Giant cell arteritis (GCA), also known as temporal arteritis, is the most common vasculitis in adults older than 50 years, with an incidence of approximately 18 per 100,000 per year.1 It affects women four times more often than it affects men and has a prevalence that is highest in caucasians, especially those of Scandinavian or Northern European decent.2-4
The disease is a vasculitis affecting medium and large-sized vessels that commonly, although not exclusively, develop in the superficial temporal artery and other extra-cranial branches of the carotid artery. This explains why a headache is the most common symptom associated with GCA.5
Often, GCA can develop into sudden vision loss and is considered a true ocular emergency. This article reviews the sequelae, diagnosis and treatment of GCA.
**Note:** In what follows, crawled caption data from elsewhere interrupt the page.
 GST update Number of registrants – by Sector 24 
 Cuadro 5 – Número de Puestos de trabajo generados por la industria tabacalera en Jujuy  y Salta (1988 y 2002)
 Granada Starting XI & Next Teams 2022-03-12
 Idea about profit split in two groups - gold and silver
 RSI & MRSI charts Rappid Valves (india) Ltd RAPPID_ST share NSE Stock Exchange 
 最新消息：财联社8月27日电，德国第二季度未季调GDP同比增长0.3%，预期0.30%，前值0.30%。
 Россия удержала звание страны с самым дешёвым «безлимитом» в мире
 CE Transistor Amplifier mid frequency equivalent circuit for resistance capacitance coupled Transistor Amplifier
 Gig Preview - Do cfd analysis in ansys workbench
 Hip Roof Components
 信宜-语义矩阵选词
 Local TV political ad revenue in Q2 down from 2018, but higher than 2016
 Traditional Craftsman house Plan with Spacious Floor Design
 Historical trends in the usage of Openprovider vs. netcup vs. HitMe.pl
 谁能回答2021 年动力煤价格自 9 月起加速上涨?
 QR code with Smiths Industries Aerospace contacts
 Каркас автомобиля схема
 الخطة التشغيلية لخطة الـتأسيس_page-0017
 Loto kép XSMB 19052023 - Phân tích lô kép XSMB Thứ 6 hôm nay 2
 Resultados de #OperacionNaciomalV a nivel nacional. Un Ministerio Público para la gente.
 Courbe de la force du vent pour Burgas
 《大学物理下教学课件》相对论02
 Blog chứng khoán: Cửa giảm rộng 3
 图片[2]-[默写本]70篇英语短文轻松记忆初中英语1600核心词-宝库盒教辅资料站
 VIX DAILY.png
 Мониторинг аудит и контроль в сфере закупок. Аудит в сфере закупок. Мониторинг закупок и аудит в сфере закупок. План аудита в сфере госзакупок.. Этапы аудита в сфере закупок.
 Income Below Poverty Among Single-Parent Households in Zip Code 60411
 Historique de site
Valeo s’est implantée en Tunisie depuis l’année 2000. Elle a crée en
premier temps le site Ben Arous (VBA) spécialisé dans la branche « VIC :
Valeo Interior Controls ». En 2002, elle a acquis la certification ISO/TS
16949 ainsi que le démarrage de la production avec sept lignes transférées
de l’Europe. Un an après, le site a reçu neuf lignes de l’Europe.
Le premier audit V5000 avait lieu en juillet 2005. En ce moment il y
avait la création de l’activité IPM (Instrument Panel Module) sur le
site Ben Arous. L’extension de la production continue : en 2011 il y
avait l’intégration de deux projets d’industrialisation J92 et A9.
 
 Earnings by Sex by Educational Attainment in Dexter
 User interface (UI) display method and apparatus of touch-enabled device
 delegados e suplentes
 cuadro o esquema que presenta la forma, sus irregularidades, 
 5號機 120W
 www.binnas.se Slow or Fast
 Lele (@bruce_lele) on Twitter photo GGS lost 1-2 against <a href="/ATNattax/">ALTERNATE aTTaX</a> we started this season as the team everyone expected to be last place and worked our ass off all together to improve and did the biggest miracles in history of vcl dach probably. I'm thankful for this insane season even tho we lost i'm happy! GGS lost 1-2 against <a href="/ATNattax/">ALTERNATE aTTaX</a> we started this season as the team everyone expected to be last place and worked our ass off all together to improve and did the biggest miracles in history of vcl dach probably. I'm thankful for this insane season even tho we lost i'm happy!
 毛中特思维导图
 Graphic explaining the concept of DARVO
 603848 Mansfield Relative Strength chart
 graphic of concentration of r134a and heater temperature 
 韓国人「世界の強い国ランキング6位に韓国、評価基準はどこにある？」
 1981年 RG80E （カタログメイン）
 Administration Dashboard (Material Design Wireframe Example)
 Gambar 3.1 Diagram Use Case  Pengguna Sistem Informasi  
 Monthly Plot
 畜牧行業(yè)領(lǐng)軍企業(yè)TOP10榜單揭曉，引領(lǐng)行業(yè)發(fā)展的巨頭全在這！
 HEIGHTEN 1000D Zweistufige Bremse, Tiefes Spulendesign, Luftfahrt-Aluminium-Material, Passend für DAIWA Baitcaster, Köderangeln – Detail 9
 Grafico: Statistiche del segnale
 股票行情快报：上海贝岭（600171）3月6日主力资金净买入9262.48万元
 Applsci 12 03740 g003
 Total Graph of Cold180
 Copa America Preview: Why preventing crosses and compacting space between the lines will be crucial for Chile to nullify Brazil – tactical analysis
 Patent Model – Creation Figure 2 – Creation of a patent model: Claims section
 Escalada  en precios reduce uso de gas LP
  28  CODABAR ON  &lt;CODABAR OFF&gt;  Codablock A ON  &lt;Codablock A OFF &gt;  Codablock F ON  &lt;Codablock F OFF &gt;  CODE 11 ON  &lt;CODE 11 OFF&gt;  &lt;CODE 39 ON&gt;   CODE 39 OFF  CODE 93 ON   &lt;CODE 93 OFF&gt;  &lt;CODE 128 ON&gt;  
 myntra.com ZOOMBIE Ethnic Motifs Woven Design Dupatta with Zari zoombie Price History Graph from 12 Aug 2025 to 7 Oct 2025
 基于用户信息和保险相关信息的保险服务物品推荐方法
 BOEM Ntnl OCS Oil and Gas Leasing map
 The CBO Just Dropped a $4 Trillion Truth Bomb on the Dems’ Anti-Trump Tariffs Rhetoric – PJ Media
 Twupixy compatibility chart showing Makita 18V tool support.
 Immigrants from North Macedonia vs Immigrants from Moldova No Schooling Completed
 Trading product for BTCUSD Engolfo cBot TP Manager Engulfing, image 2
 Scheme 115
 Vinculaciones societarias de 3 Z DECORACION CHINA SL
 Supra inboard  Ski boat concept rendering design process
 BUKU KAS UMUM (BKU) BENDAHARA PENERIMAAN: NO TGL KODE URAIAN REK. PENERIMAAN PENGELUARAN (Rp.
A highly-feared sequelae of GCA involves sudden, painless and profound vision loss in one or both eyes secondary to arteritic anterior ischemic optic neuropathy (AAION).6,7 A study estimates that one out of five patients diagnosed with GCA
|Fig. 1. Optic nerve and retinal ischemia consistent with AAION and GCA.|
will develop monocular vision loss related to AAION, with more than one-third experiencing one or more episodes of transient vision loss prior to the event.6 Vision is often count fingers or worse and is accompanied by a pronounced afferent pupillary defect. If left untreated, approximately 50% will go on to lose vision in the fellow eye within days to weeks of onset.8 AAION secondary to GCA is considered a true ocular emergency.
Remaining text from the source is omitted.